Not really.
By the time a driver gets into F1 he is certainly one of the best in the world so even the ones fans like to slag off are super exceptional. It varies a bit from year to year but most years in my experience, I started part time in 1974 and full time from 1976 to 2009, the difference between the cars exceeded that between the drivers, so pretty well any of them were good enough to be world champion, they only needed to be better than their team mate if they were in the best car.
My responsibility was the concept design of the car, mainly aero, and getting the best setup at the circuit. I did all the testing and the car setup for the race.
Getting the best setup is all about optimising the suspension to fly the car at the optimum ride height through the most important corners and getting the tyre temperature as near to optimum for as much of the grip limited part of the corner as possible.
It was me not the driver who achieved this and all the drivers I worked with were quick with the optimum setup and not a different one. Whenever one driver wanted a different setup to his team mate one was slower than the other.
Mind you I rarely had 2 drivers of identical talent in the team Jones and Reutemann had identical setups, for example and if one was quicker with a change the other would be happy to adopt it without trying. Mostly the better of the two was only a bit better but always was.

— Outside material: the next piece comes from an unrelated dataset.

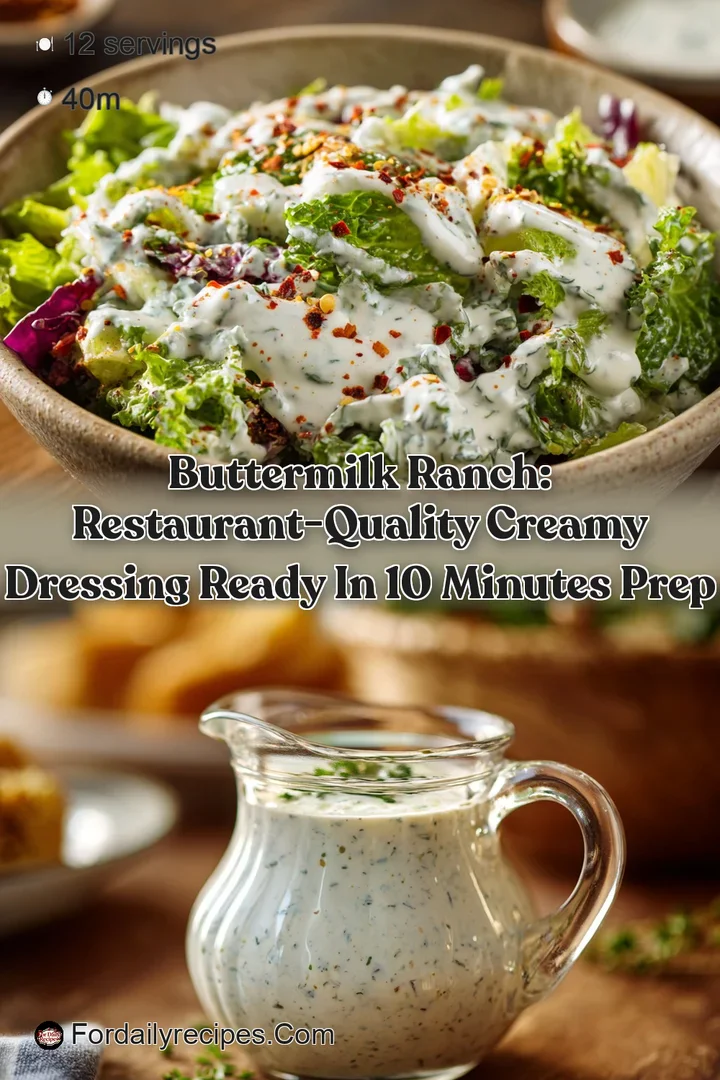 Buttermilk Ranch: Restaurant-Quality Creamy Dressing Ready in 10 Minutes Prep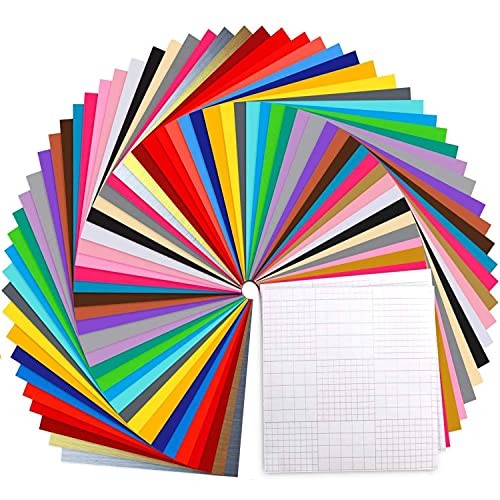 70 Láminas de vinilo Ohuhu, con respaldo adhesivo permanente, 60 láminas de vinilo 12" x 12" 10 láminas, 30 colores surtidos para máquinas de corte, siluetas.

The reality is it is the drivers generally are as good at understanding the car as I would be at driving it - ie not very good.
F1 motor racing is not a good example of non-measurable human aspects IME, I suggest you find a more appropriate analogy
Amateur racing certainly has bigger human differences and even at quite a high level in single make formulae there are race engineers who concentrate on stuff they believe to be important but are not. Their teams don’t win however good the driver and the punters firmly believe all the cars are the same!